MATLAB: GPU utilization and parallel computation With Matlab for heavy computation

gpumonte carloParallel Computing Toolbox

I have decent/ok machine with core i7 (8 cores), 32G of RAM and Nvidia geForce GTX 1080i and running Matlab 2018b. At the moment I am a bit confuse about how to use these resources in best way to run my Monte-Carlo simulation code. The two questions I have now:
1- How can I make all the heavy computaion to be run on the GPU alonside parallel compution capability of Matlab rather than the CPU and hence I can decide what is best to use? I have read different help topics and the conclusion I think I have got is, the data I have to work with should be in the form of gpuArray Am I right? or do I miss something here?. let us assume that I have the foollowing simple code to be run on GPU :
First_Vector=zeros(2,3);
% First_Vector=zeros(2,3,'gpuArray'); 1
[N,M]=size(First_Vector);
%[N,M]=size(First_Vector,'gpuArray'); 2
Second_Matrix=ones(N,M,2);
%Second_Matrix=ones(N,M,2,'gpuArray'); 3
Tset1= [20 20 20:30 30 30];
%Tset1gpuArray=gpuArray(Tset1); 4
Test2= [50 50 50;60 60 60];
%Tset2=gpuArray(Tset2); 5
K=100;
% the main code
for i=1:3
for j=1:3
[element]=Function1(test(i,j),K)
Test1(i,j)=element;
end
end
Second_Matrix(:,:,1)=Test1;
[Test1]=Function2(Test1,Test2);
% End of the main code
%% Function 1
function[outcome]=Function1(A,K)
outcome=A+K;
end
%%Function 2
function[T1]=Function2(T1,T2)
T1=T1+T2;
end
does the commented lines (1-5) are enough to run the 'main code' on the GPU?
2- I have tested the following simple code on GPU and CPU, CPU performance was by far better than GPU. is that supposed to be normal ?
thanks in advanced.
G = ones(10,10,'gpuArray');
tic
for k=1:100
for i=1: 1000
for j=1:10
G(j,:)=G(j,:)+2;
end
end
end
toc
G = ones(10,10);
tic
for k=1:100
for i=1: 1000
for j=1:10
G(j,:)=G(j,:)+2;
end
end
end
toc
% Elapsed time is 0.628241 seconds.

Best Answer

I'll try to answer your questions in order...
  1. Yes!
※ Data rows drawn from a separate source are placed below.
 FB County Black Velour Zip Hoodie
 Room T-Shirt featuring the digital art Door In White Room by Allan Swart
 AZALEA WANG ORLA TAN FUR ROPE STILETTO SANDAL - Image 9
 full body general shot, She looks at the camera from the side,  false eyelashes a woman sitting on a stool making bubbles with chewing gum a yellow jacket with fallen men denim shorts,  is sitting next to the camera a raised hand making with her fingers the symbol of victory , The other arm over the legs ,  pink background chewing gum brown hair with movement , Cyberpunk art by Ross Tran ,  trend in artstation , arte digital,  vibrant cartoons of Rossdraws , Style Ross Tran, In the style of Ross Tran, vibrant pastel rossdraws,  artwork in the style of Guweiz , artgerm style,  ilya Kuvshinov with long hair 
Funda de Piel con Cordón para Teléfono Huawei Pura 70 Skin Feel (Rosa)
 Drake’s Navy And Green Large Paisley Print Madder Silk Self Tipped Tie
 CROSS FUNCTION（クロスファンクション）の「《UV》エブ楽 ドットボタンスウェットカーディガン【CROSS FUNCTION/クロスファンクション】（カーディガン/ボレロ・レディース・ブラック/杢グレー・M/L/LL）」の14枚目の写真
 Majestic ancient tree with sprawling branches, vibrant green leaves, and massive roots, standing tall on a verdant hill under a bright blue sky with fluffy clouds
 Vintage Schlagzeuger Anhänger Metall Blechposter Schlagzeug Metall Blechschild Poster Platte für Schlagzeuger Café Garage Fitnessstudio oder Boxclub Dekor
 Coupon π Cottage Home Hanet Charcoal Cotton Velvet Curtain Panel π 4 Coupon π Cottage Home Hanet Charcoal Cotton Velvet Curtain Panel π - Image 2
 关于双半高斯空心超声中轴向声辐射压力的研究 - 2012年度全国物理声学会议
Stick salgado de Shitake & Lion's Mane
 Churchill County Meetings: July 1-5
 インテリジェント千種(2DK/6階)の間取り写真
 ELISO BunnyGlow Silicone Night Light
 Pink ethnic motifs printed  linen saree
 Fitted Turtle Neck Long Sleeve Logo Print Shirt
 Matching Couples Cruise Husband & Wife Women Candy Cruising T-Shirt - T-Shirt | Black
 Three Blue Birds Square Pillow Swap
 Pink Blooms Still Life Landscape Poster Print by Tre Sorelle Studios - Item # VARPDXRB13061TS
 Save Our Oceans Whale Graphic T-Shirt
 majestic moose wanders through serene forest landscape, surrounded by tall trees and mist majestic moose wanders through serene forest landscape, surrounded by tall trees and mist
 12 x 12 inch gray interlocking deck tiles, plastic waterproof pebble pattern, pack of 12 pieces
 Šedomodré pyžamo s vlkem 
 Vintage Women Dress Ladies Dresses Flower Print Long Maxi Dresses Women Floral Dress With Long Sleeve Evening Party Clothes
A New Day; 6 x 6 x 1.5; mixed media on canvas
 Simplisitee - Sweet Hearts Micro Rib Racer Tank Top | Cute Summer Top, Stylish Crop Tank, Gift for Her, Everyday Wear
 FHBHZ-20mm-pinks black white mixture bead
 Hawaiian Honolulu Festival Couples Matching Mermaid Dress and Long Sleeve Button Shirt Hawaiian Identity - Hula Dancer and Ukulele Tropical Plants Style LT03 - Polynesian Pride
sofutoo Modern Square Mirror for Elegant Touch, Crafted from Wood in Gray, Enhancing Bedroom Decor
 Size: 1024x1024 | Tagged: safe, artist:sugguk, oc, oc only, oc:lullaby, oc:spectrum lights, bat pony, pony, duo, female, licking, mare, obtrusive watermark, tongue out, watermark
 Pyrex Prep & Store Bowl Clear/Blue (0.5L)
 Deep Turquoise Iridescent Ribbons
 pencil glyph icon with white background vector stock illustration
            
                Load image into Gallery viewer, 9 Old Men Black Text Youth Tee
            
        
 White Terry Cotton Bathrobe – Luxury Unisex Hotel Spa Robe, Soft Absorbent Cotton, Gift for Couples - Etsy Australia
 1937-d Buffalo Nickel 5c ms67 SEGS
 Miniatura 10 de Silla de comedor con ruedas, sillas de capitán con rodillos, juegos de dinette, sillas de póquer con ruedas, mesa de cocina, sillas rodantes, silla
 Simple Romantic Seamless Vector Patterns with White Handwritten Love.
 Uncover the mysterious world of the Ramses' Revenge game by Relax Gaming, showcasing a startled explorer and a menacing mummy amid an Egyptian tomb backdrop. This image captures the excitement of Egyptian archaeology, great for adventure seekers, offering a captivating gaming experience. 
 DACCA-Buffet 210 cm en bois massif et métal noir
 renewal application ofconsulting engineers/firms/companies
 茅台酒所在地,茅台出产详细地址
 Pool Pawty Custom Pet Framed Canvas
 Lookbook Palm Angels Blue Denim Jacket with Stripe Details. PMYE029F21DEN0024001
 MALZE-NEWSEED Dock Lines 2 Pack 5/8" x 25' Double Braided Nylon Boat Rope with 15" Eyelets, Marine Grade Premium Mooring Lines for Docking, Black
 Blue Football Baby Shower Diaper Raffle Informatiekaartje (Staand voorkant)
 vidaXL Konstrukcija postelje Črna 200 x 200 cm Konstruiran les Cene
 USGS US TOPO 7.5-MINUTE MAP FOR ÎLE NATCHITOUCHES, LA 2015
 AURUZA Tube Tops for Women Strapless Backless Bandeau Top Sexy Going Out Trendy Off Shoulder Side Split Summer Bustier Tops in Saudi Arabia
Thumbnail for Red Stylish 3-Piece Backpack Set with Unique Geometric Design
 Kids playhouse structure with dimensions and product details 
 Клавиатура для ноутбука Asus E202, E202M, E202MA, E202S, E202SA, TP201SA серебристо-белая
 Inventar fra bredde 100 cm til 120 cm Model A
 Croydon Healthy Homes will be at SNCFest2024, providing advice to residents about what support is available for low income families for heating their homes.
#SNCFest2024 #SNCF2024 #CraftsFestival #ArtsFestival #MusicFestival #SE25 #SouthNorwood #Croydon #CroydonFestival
Isn't that great?
  2. Yes, because there are two problems with your code: (a) you're using a lot of for loops instead vector operations and (b) you're measuring GPU performance incorrectly. To fix (a), you should read this doc page that explains how to vectorize your code to get the best performance. To fix (b), you should take a look at my answer to a previous question and use the functions timeit and gputimeit.